*** Opening of PROVIDED MATERIAL ***
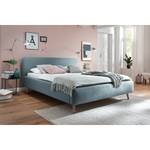 Gestoffeerd bed MATTIS 160 x 200 cm - Geweven stof Asha: Ijsblauw - 140 x 200cm - Zonder lattenbodem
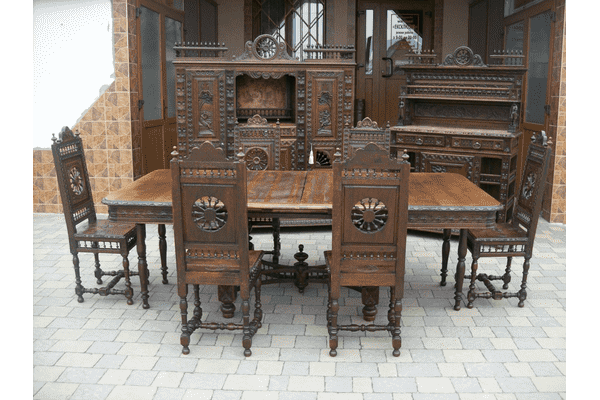 Стіл столовий, розкладний + 6 стільців BRETONSE (3995) - LvivMarket.net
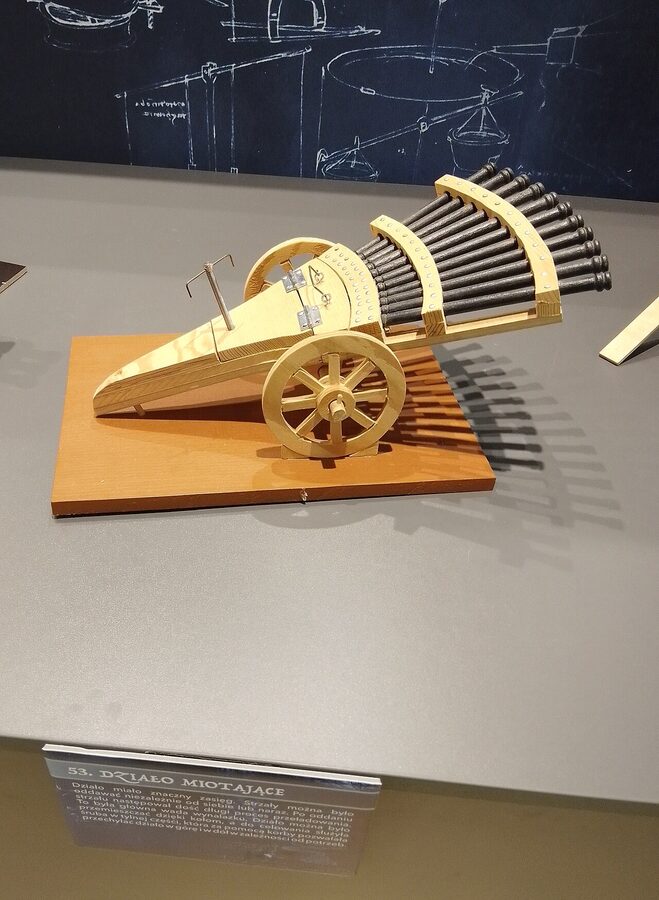 Wooden model of Leonardo da Vinci's machine gun multi-barrel design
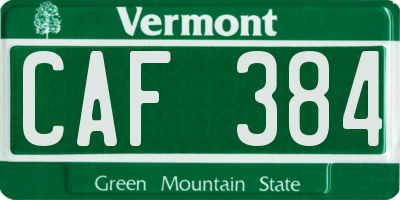 VT license plate CAF384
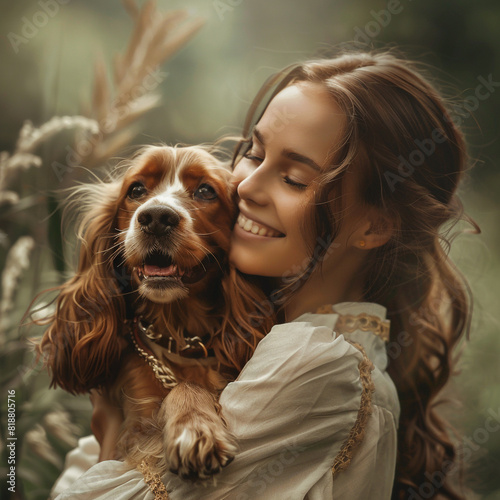 La modelo española irradia alegría mientras sostiene un travieso cachorro de cocker spaniel, su sonrisa contagiosa ilumina la escena, capturando la esencia de la juventud y la belleza.  photo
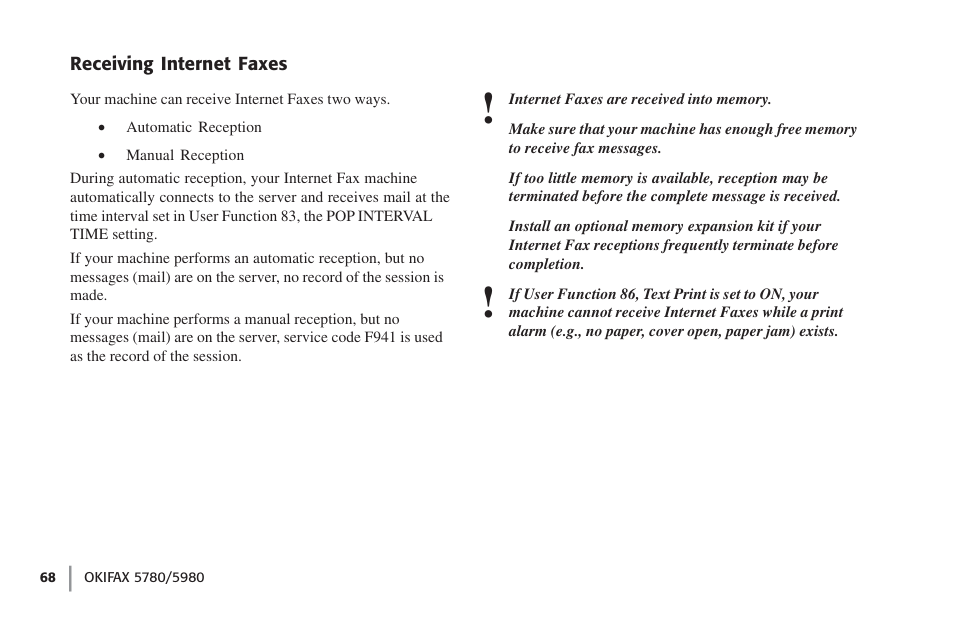 Receiving internet faxes | Oki FAX 5780 User Manual | Page 68 / 114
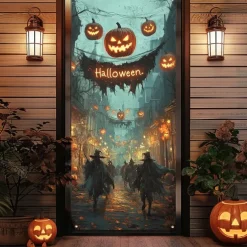 Halloween Door Covers Door Tapestry Door Curtain Decoration Backdrop Door Banner for Front Door Farmhouse Holiday Party Indoor Outdoor Decor Supplies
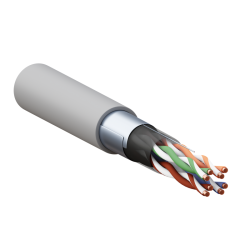 Кабель витая пара F/UTP кат.5E 4 пары 24 AWG solid PVC сер. TERACOM PRO EKF TRP-5EFTP-04PVC-GY-IN3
*** Close of PROVIDED MATERIAL ***
WHAT TO WORK ON
The copy should start at the line that contains "La modelo española", end at the last line of the entries above, and match each line exactly, with pictures dropped.

SOLUTION TO THE EXERCISE
 La modelo española irradia alegría mientras sostiene un travieso cachorro de cocker spaniel, su sonrisa contagiosa ilumina la escena, capturando la esencia de la juventud y la belleza.  photo
 Receiving internet faxes | Oki FAX 5780 User Manual | Page 68 / 114
 Halloween Door Covers Door Tapestry Door Curtain Decoration Backdrop Door Banner for Front Door Farmhouse Holiday Party Indoor Outdoor Decor Supplies
 Кабель витая пара F/UTP кат.5E 4 пары 24 AWG solid PVC сер. TERACOM PRO EKF TRP-5EFTP-04PVC-GY-IN3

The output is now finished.